> [Aim of the task]
For this exercise, transcribe every line of the material exactly and skip the pictures.
══ Supplied material ══
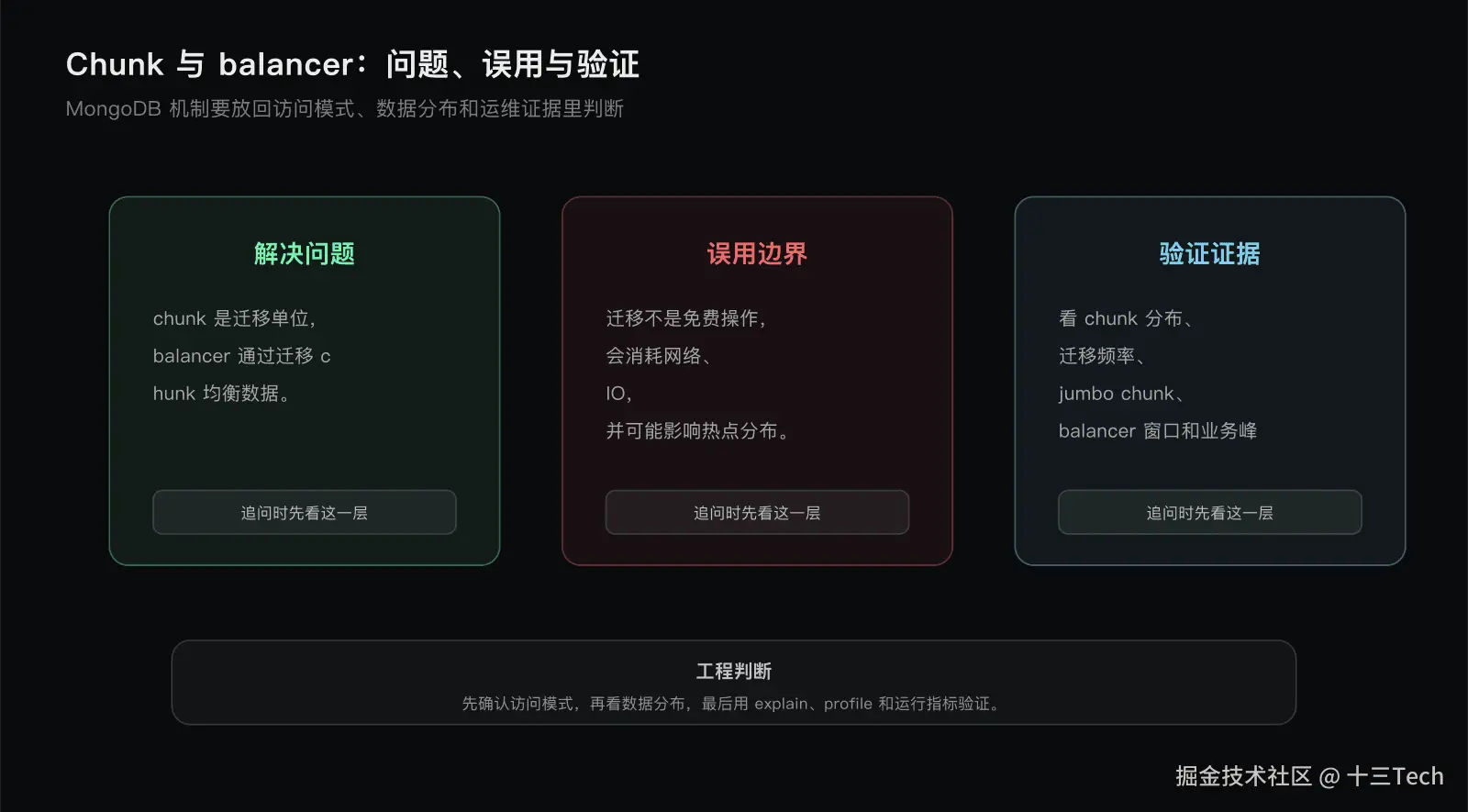 Chunk 与 balancer边界图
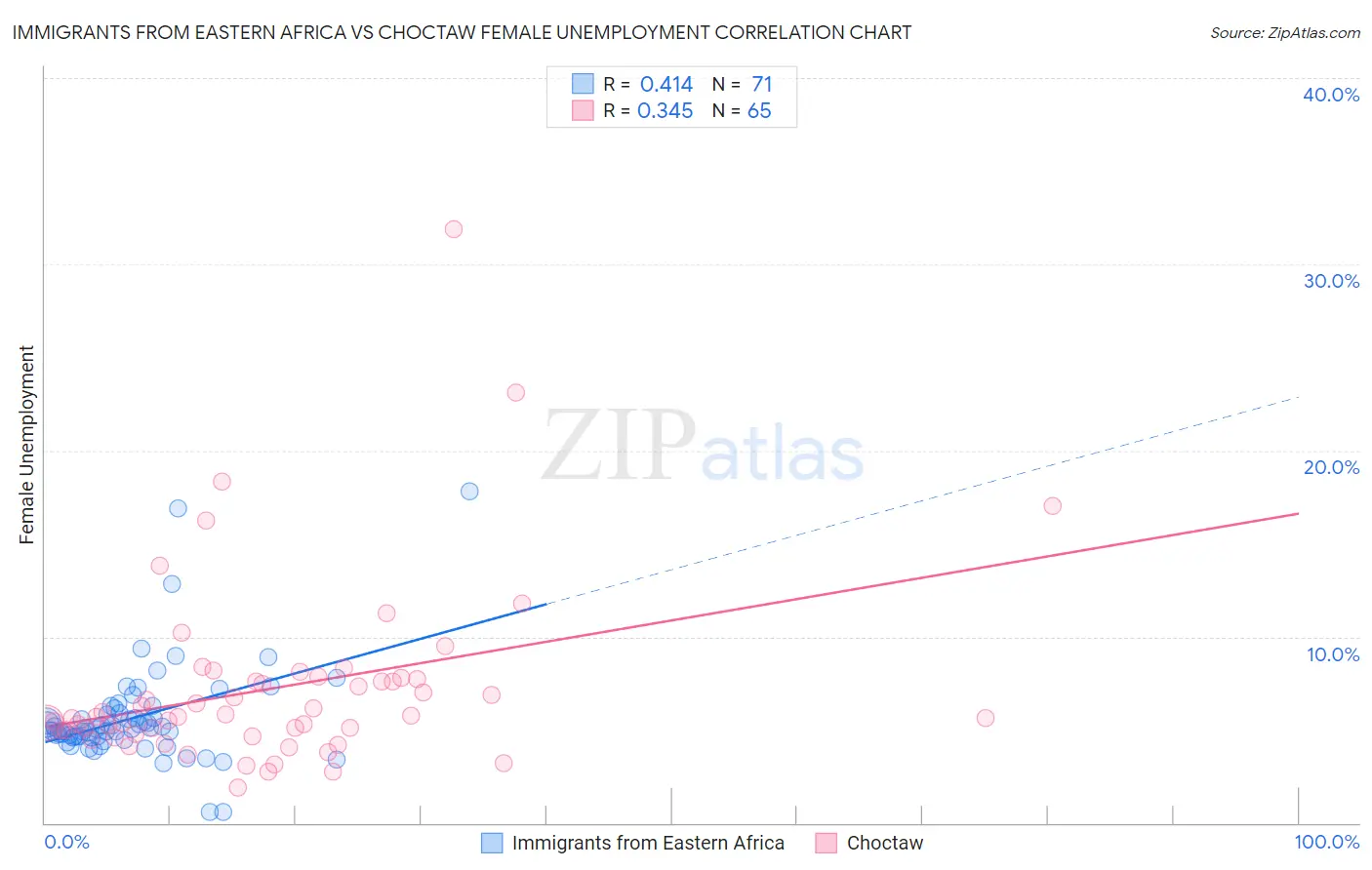 Immigrants from Eastern Africa vs Choctaw Female Unemployment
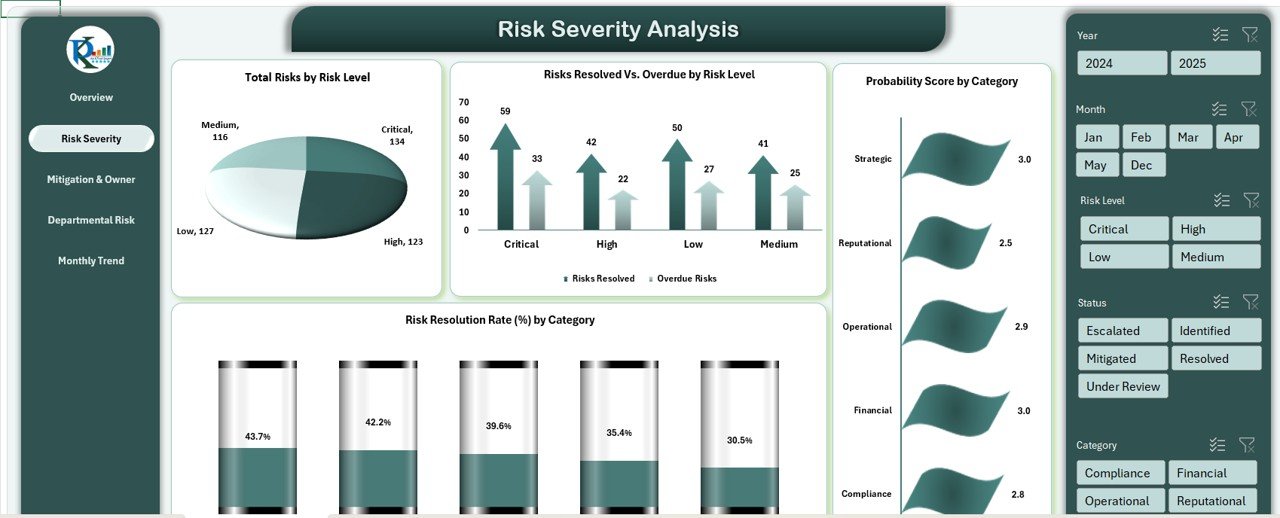 Risk Severity Analysis Sheet Tab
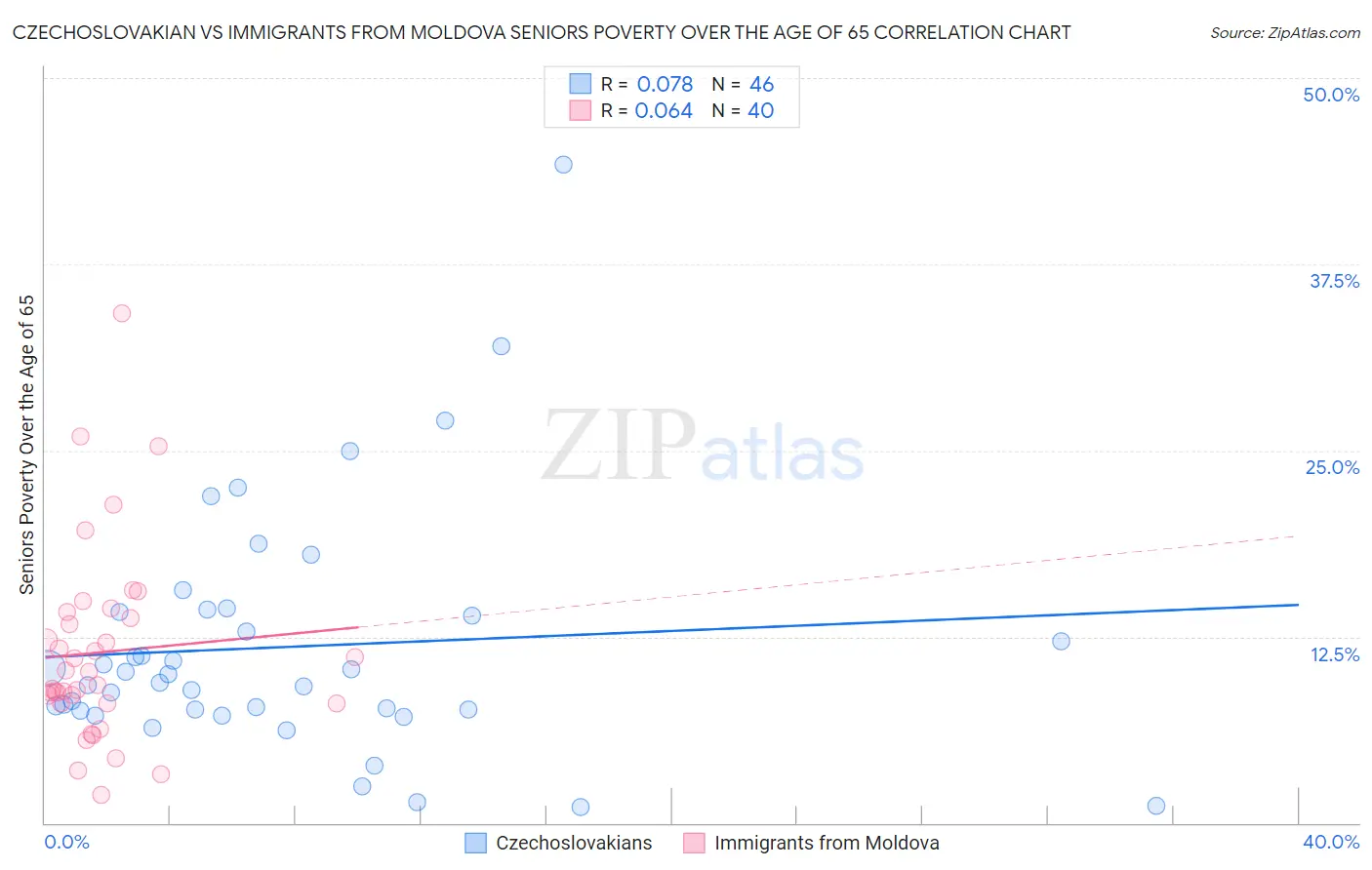 Czechoslovakian vs Immigrants from Moldova Seniors Poverty Over the Age of 65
═══
> [Result of the exercise]
 Chunk 与 balancer边界图
 Immigrants from Eastern Africa vs Choctaw Female Unemployment
 Risk Severity Analysis Sheet Tab
 Czechoslovakian vs Immigrants from Moldova Seniors Poverty Over the Age of 65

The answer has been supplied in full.